4. Bonus football. Bonus football!
3 Key Factors
1. Does USC even want to be here? Their quarterback is out, they showed up almost two hours late for the joint Sun Bowl dinner (though it turns out they may have a reason for it), and they weren't exactly thrilled to learn where they were headed. USC is certainly the superior team on paper, but they do still have to care a little. Losing four of your final five games after starting the year as a national title favorite will certainly test your resolve. So will dreaming of Miami and ending up in El Paso. (And for that matter, so will a steady diet of cut blocks.)
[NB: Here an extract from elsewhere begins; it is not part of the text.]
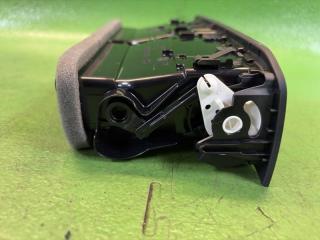 Воздуховод VOLKSWAGEN T-CROSS C1DKR DKRF 2G0819728 5 ракурс Воздуховод VOLKSWAGEN T-CROSS C1DKR DKRF 2G0819728 5 ракурс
2. Can Tech even slow down the Trojan passing game? It isn't tremendously difficult to see Georgia Tech having a decent amount of success on offense. But can even an uninterested USC offense with a new quarterback help but move the ball against the Yellow Jackets? After a slow start, the Tech defense actually looked fine against Florida State, but FSU doesn't have Lee and Woods. Especially without Isaiah Johnson, can Tech contain this passing game?
3. Fumbleitis. Georgia Tech fumbled 29 times in 13 games this season. It comes with the option territory to an extent, but it can certainly be a hindrance (to say the least) if the football doesn't bounce back into your arms. USC, meanwhile, doesn't have the "We run a lot of option" excuse for why it fumbled 23 times of its own. It is the one chink in Marqise Lee's armor, and it can stop USC's offense even if Georgia Tech cannot. Whoever avoids putting the ball on the turf, and who falls on the ball when it does hit the turf, will derive quite the advantage.
2 Predictions
F/+ Pick: USC by 18.7.
Bill's Pick: USC by 7. An interested Trojans team could coast, but I see Tech hanging around for quite a while with its funky offense and desire to actually be in a middling bowl game.